Oosterhoof fulfils this need in a way which goes way beyond "conversational" texts, as she introduces Dutch by using words in groups where they are part of a theme. This is something I've never encountered before in any language I've tackled, and find it quite amazing! For example, A typical teaching block on page 35 starts with the title:
"Order of Events - First, Then, Afterwards, Next, Following that, Further, Finally" where the Dutch words are given for the English ones I've listed.
Then there's a little paragraph in Dutch, describing a simple scene, where each sentence will contain one of these similar words, followed by the English translation:
"FIRST, he drinks coffee & reads the newspaper from cover to cover. THEN he goes jogging a bit. AFTERWARDS he goes to the market with Sanne. NEXT, he washes the car. THEN, he does some chores around the house, and LASTLY, he watches TV with the family."
If you ever look into memory improvement courses, you'll find they always emphasise the need for ASSOCIATION. We can remember better when things are associated together, and the author's grouping of associated words, rather than strict grammar or casual conversation is a real winner for me.

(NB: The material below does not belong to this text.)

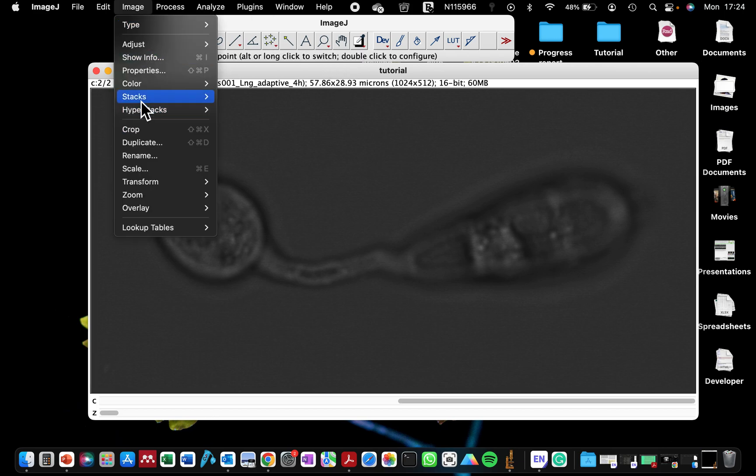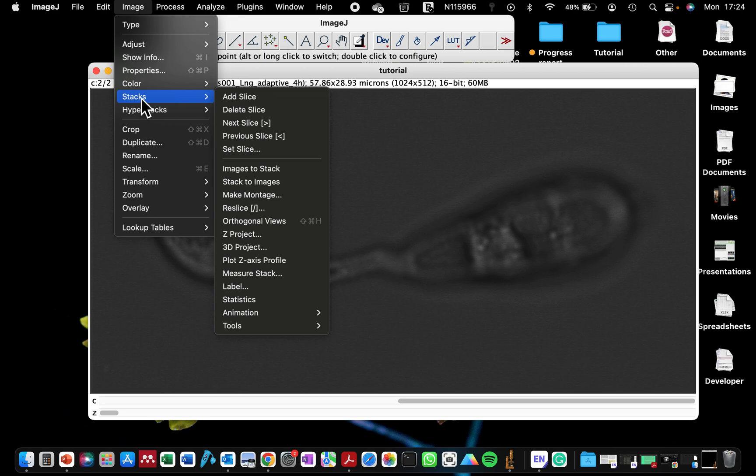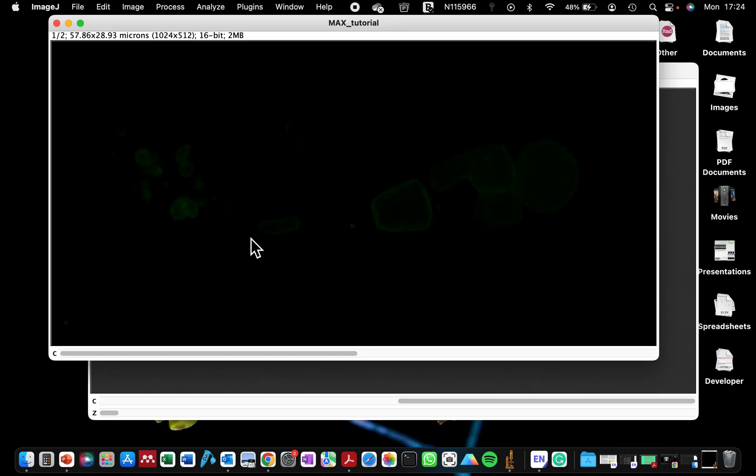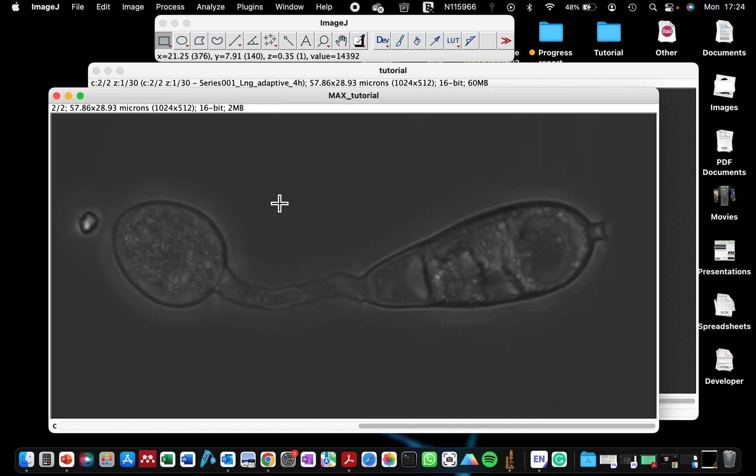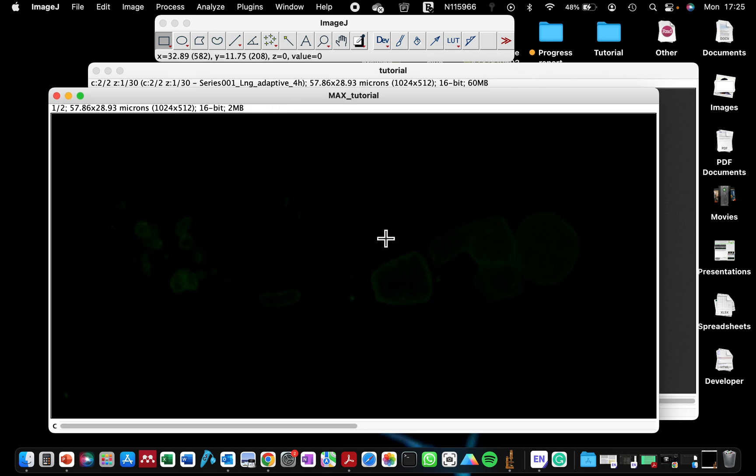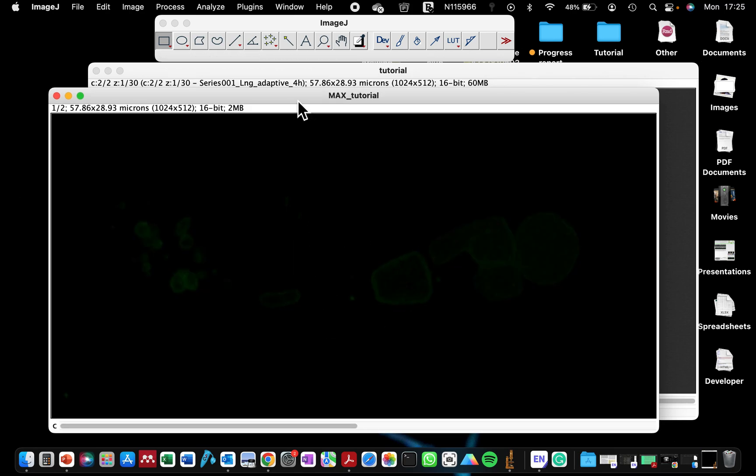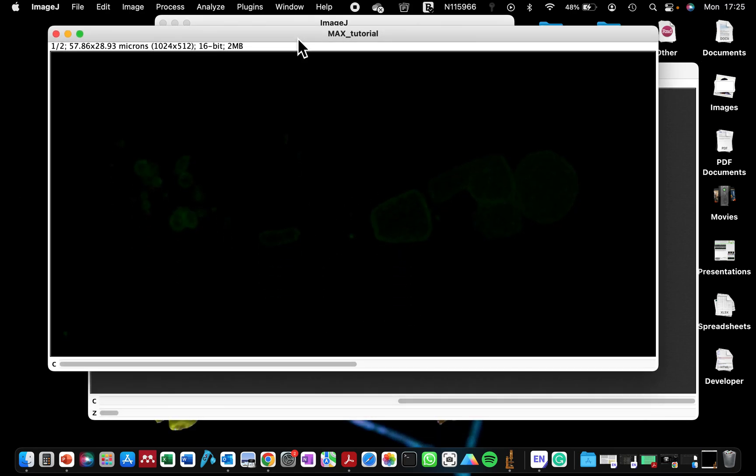So if we go to Image, Stacks, Z Projects, and we make our Z stack, you can see that my fluorescence image is barely visible. However, on the confocal microscope, it was brighter than this.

The above example occupies but half a page of the book, which gives you an idea of how much the book is packed with these "useful little sentences".
(The other block on the same page covers the associated words for "always, usually, often, sometimes, seldom, never" )
Unfortunately, no accompanying CD, but this is easily remedied by producing your own recordings. Something fairly straightforward with any cheap MP3 player (or phone?) possessing a built-in mike. My MP3 player records audio as WAV data, which produces largish file sizes. These are easily converted to the compact MP3 format using something like the free "Audacity" audio editing software.
Of course, you need to have a half-decent Dutch accent to produce a worthwhile recording, and that's probably the major challenge! And why using another text first is essential.
EDIT: A word of caution. It IS "a Dutch grammar" & you will find grammatical terms used throughout the book. For example, the chapter on adjectives refers to "predicate adjectives", which may throw you if you have not had a grammar-based education (and even if you have!). But Oosterhoof always explains these terms clearly, with simple examples, before they are used.
A basic tool to acquire a thorough knowledge of the Ducth grammar. Not a textbook as it has already been mentioned, but a serious guide enabling you to master both morphology and syntaxis. The best manual I have found so far among the various courses available, which start with a full immersion in the spoken Language but lead to poor results.